Look for the line containing "CEA (CEACAM5) Antibody" and the line containing "Hospitale lag und" in the entries below. Copy those two and all lines between them exactly, leaving out pictures.

═════ INPUT FOR THIS TASK

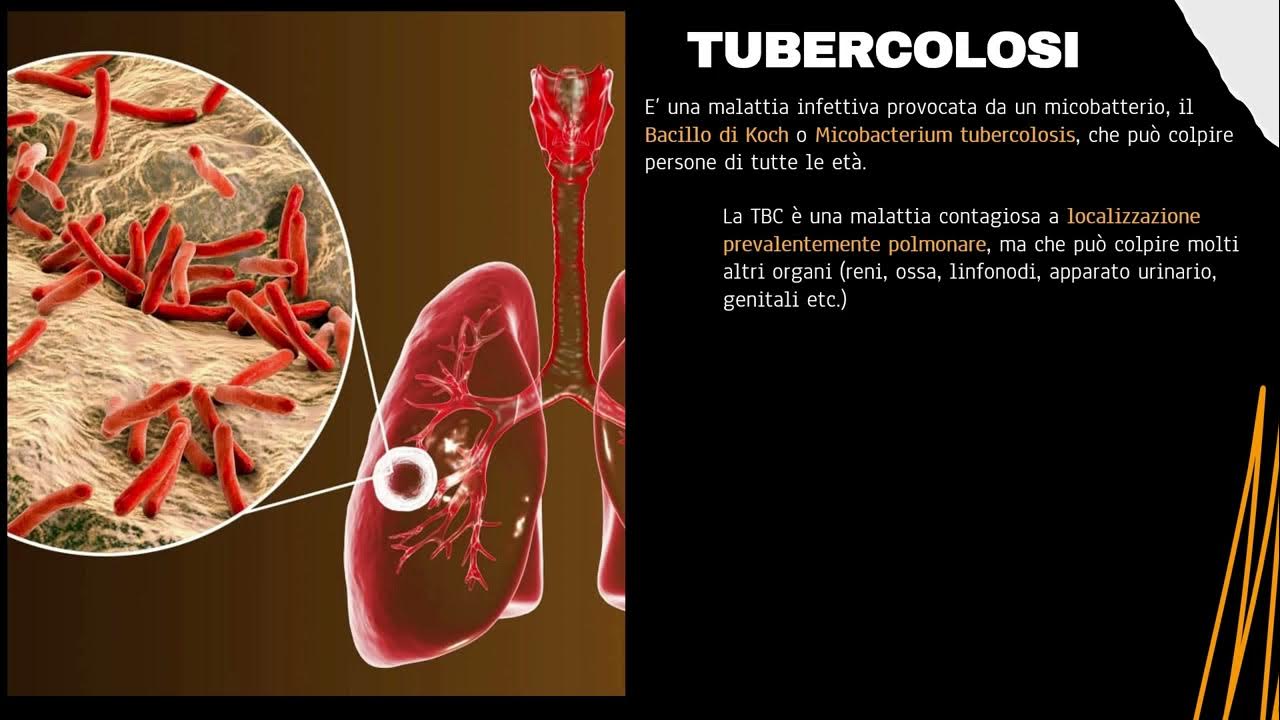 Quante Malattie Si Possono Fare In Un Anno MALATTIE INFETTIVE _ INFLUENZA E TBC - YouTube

══════════
═════ INPUT FOR THIS TASK

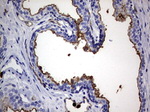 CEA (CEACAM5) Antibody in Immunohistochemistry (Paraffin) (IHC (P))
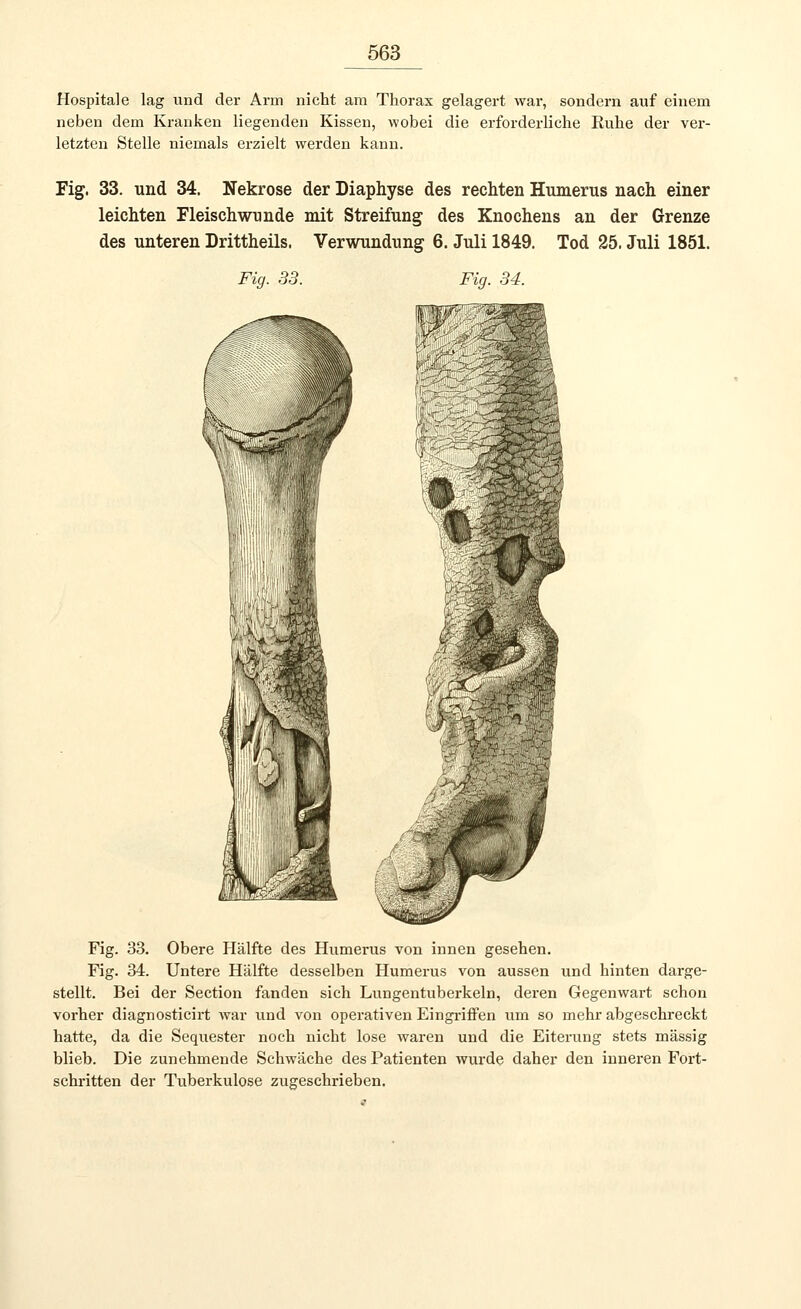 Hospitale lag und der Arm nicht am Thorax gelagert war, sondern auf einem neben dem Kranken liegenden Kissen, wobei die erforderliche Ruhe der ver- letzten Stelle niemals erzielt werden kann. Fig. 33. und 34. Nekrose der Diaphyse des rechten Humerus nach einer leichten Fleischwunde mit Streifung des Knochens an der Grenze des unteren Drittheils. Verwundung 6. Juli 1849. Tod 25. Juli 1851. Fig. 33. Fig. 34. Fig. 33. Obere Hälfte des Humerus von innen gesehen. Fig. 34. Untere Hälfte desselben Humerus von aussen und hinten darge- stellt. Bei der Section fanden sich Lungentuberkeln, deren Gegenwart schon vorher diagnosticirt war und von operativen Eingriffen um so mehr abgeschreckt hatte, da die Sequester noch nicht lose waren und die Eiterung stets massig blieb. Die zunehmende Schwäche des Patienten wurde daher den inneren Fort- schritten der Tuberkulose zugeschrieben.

══════════

§ **EXERCISE SOLUTION**:
 CEA (CEACAM5) Antibody in Immunohistochemistry (Paraffin) (IHC (P))
 Hospitale lag und der Arm nicht am Thorax gelagert war, sondern auf einem neben dem Kranken liegenden Kissen, wobei die erforderliche Ruhe der ver- letzten Stelle niemals erzielt werden kann. Fig. 33. und 34. Nekrose der Diaphyse des rechten Humerus nach einer leichten Fleischwunde mit Streifung des Knochens an der Grenze des unteren Drittheils. Verwundung 6. Juli 1849. Tod 25. Juli 1851. Fig. 33. Fig. 34. Fig. 33. Obere Hälfte des Humerus von innen gesehen. Fig. 34. Untere Hälfte desselben Humerus von aussen und hinten darge- stellt. Bei der Section fanden sich Lungentuberkeln, deren Gegenwart schon vorher diagnosticirt war und von operativen Eingriffen um so mehr abgeschreckt hatte, da die Sequester noch nicht lose waren und die Eiterung stets massig blieb. Die zunehmende Schwäche des Patienten wurde daher den inneren Fort- schritten der Tuberkulose zugeschrieben.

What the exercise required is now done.